En Palestine, la Nakba n’est pas « un souvenir du passé » mais une tragédie qui se répète
D’ordre militaire en ordre militaire, les autorités israéliennes ne cessent de pousser les habitants de Gaza vers le sud de l’enclave. En trois mois, ce sont près de deux millions de personnes qui ont subi des déplacements forcés successifs. Un écho, dans les mémoires, de l’épuration ethnique de 1948.

Gwenaelle Lenoir

2 janvier 2024 à 17h28

 
 
Les images d’aujourd’hui sont en couleur, celles d’hier en noir et blanc. Sur les unes, les femmes portent longs manteaux et voiles. Les robes étaient plus courtes autrefois, et les cheveux plus souvent au vent. Les enfants arboraient souvent des culottes courtes. Aujourd’hui, c’est plus rare, et depuis novembre, il fait trop froid.

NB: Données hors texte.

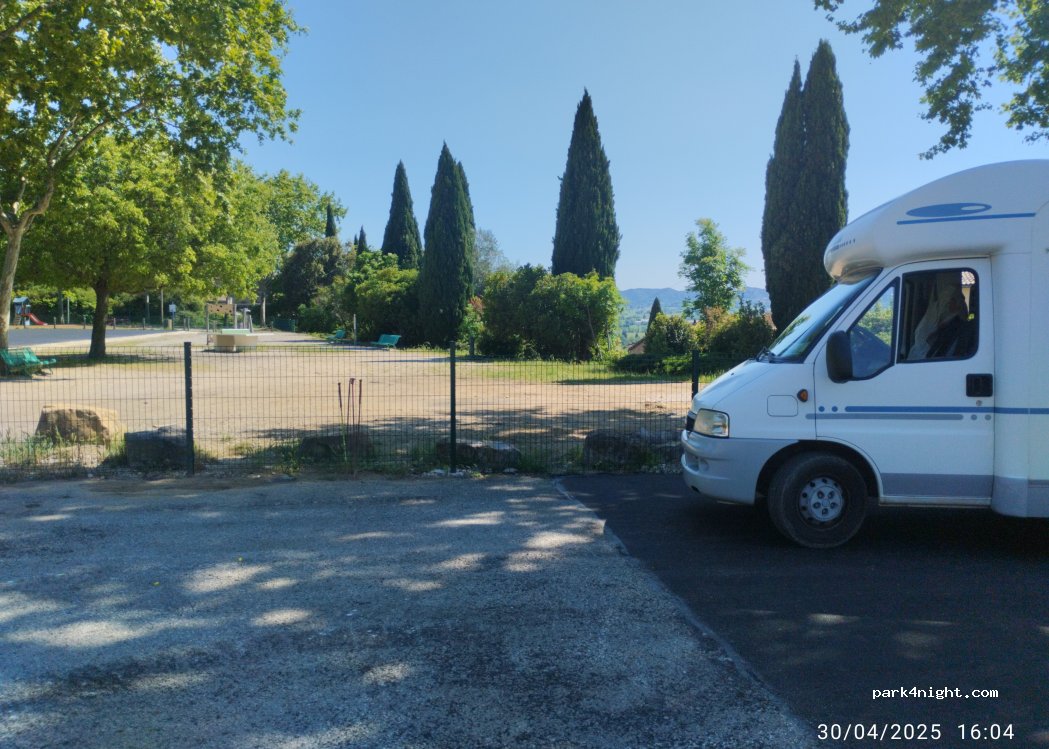 (30290) Laudun-l'Ardoise - 226 Rue Florian — foto 4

Pour le reste, les scènes sont les mêmes. Des hommes et des femmes chargés de nouveau-nés emmaillotés dans des couvertures, des valises, des ballots. Des vieux et des vieilles entassés au milieu des matelas sur des carrioles tirées par des ânes. Et puis, épisode suivant, des tentes de fortune, des gens qui font la queue pour, on le devine, un peu d’eau, quelque nourriture.

Les images en couleur se superposent à celles en noir et blanc. Surtout, les scènes se répètent tant depuis le 13 octobre, jour où l’armée israélienne a intimé aux Gazaoui·es du nord de l’enclave de quitter la zone avant qu’elle ne soit détruite, qu’on a du mal à se dire qu’elles se déroulent dans un territoire qui fait 41 kilomètres de long et entre 6 et 12 kilomètres de large.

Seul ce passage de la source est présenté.